Melawan Lupa, Menantang Dusta: Jeritan Kamisan di tengah Kebisuan

Oleh: Dinda Nailul Fauziah, Mahasiswa Komunikasi Digital dan Media, Sekolah Vokasi IPB
Menggali Ingatan dari Kegelapan
ASKARA - Sejarah suatu bangsa seharusnya menjadi cermin bagi masa depan, pelajaran berharga yang membimbing generasi mendatang agar tidak mengulangi kesalahan yang sama. Namun, di Indonesia, ingatan tentang pelanggaran Hak Asasi Manusia (HAM) justru sering dibungkam. Tragedi pembantaian massal 1965, penculikan aktivis pro-demokrasi 1997–1998, Tragedi Semanggi, penembakan misterius (petrus), hingga kekerasan negara terhadap kelompok minoritas, masih banyak yang terkatung-katung tanpa kejelasan. Sementara keluarga korban terus menunggu, negara justru memilih diam dan berusaha menghapus jejak kejahatan masa lalu.
Di tengah kebisuan negara, Aksi Kamisan muncul sebagai bentuk perlawanan terhadap lupa yang dipaksakan. Sejak pertama kali digelar pada 18 Januari 2007, aksi ini menjadi ruang bagi keluarga korban pelanggaran HAM untuk menyuarakan tuntutan mereka. Setiap Kamis sore, tanpa absen, mereka berkumpul di depan Istana Negara, mengenakan pakaian serba hitam dan membawa payung hitam sebagai simbol duka serta perlawanan. Mereka berdiri dalam diam—bukan karena tidak punya suara, tetapi karena suara mereka terlalu lama diabaikan. Gerakan ini mengingatkan bahwa kebenaran tidak boleh dikubur oleh kekuasaan, dan pelanggaran HAM bukan sekadar peristiwa masa lalu, melainkan luka yang masih terasa hingga kini.
Namun, meskipun telah berlangsung lebih dari satu dekade, respons pemerintah terhadap gerakan ini masih jauh dari harapan.
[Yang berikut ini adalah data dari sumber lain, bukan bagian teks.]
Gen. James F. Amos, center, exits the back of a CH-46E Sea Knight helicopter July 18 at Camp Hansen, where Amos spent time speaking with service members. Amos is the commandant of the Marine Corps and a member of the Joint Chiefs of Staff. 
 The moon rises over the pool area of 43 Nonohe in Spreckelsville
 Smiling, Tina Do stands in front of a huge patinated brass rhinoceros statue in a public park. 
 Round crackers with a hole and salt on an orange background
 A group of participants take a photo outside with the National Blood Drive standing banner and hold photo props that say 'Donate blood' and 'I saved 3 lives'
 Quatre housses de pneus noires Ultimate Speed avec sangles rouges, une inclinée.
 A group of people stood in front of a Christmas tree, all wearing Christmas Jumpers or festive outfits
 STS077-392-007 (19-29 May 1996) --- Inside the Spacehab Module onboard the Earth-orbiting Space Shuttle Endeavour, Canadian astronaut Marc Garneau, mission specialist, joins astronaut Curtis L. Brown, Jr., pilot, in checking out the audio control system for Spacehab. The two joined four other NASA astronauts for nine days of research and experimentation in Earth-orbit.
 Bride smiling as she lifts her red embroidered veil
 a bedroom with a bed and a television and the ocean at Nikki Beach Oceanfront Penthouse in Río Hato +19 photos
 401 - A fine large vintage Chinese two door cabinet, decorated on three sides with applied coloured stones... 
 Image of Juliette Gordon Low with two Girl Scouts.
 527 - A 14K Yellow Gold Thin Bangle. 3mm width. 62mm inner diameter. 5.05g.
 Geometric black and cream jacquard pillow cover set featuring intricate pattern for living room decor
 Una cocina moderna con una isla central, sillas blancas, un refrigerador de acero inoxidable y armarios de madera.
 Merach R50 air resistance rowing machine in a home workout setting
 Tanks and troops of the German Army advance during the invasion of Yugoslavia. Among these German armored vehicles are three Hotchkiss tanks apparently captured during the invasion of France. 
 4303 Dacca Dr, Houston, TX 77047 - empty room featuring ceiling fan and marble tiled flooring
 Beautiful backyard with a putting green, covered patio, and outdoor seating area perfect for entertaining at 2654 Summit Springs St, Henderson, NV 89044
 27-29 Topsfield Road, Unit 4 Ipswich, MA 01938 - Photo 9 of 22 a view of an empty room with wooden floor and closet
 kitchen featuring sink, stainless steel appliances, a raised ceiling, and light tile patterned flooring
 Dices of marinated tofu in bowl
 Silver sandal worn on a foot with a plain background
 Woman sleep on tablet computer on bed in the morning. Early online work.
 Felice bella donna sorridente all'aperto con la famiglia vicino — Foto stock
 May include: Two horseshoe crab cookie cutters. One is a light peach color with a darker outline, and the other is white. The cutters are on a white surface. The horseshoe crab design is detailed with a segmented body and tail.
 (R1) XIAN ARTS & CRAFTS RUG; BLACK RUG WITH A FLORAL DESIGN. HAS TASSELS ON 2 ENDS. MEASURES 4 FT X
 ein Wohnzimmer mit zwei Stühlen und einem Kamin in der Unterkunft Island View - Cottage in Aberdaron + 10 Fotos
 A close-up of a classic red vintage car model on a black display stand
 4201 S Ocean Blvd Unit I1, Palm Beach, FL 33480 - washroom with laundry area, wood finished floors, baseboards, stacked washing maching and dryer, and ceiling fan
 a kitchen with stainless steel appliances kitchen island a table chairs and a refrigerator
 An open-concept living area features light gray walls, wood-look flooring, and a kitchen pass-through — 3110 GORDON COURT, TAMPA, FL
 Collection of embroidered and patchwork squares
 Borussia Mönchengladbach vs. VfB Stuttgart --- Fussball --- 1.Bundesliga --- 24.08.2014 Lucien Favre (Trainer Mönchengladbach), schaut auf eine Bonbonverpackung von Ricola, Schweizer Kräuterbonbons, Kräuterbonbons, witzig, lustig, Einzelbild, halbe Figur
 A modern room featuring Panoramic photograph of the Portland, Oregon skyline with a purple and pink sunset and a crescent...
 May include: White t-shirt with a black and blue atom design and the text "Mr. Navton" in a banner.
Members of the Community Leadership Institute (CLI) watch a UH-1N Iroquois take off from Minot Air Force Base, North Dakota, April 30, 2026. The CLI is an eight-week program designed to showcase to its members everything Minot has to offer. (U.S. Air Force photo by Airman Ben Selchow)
Pergantian rezim demi rezim tidak membawa perubahan berarti dalam upaya penyelesaian kasus HAM berat. Alih-alih memberikan keadilan, pemerintah sering kali menghindari tanggung jawab, mengabaikan rekomendasi Komnas HAM, bahkan memberi tempat di pemerintahan bagi tokoh-tokoh yang diduga terlibat dalam berbagai pelanggaran HAM, termasuk kursi presiden. Tak hanya itu, peserta Aksi Kamisan kerap mengalami intimidasi dan kriminalisasi—mulai dari pembubaran paksa, ancaman fisik, hingga serangan propaganda dan disinformasi. Tekanan ini menunjukkan bahwa perjuangan mereka masih jauh dari selesai.
Simbol Perlawanan Rakyat terhadap Ketidakadilan
Aksi Kamisan bukan sekadar unjuk rasa mingguan; ia telah menjadi simbol perlawanan rakyat terhadap sistem yang gagal melindungi hak-hak warganya. Dalam politik yang didominasi oleh kepentingan elit, suara korban sering kali dianggap tidak penting. Namun, Kamisan menunjukkan bahwa perlawanan tidak selalu harus dilakukan dengan kekerasan atau amarah. Diam yang mereka lakukan justru lebih nyaring daripada teriakan demonstrasi biasa. Payung hitam yang mereka bawa bukan hanya simbol duka, tetapi juga keteguhan hati untuk terus melawan, meski dihadapkan pada tembok kekuasaan yang dingin dan tak acuh.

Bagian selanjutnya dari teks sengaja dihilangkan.